---------- ENTRIES SHOWN

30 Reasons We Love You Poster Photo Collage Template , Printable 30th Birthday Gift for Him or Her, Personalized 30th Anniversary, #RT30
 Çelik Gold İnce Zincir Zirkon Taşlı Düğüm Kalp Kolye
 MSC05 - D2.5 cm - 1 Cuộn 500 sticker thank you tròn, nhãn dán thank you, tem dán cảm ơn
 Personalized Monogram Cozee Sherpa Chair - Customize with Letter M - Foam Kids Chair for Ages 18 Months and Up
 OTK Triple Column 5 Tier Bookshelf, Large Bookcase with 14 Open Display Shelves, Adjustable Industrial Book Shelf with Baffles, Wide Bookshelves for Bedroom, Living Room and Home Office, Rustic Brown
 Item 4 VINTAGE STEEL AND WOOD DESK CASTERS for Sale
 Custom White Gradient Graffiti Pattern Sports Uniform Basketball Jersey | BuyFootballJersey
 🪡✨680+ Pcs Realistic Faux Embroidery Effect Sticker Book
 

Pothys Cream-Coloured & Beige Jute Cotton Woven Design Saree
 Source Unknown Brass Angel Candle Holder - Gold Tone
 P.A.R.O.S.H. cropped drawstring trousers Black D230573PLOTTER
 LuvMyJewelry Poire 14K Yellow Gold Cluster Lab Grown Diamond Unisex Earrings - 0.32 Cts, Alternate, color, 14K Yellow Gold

--------------------

_WHAT IS NEEDED_. Look through the material above and print exactly the lines from the one containing "Custom White Gradient" to the one containing "P.A.R.O.S.H. cropped drawstring", both included, and nothing more.

_EXERCISE SOLUTION_.
 Custom White Gradient Graffiti Pattern Sports Uniform Basketball Jersey | BuyFootballJersey
 🪡✨680+ Pcs Realistic Faux Embroidery Effect Sticker Book
 

Pothys Cream-Coloured & Beige Jute Cotton Woven Design Saree
 Source Unknown Brass Angel Candle Holder - Gold Tone
 P.A.R.O.S.H. cropped drawstring trousers Black D230573PLOTTER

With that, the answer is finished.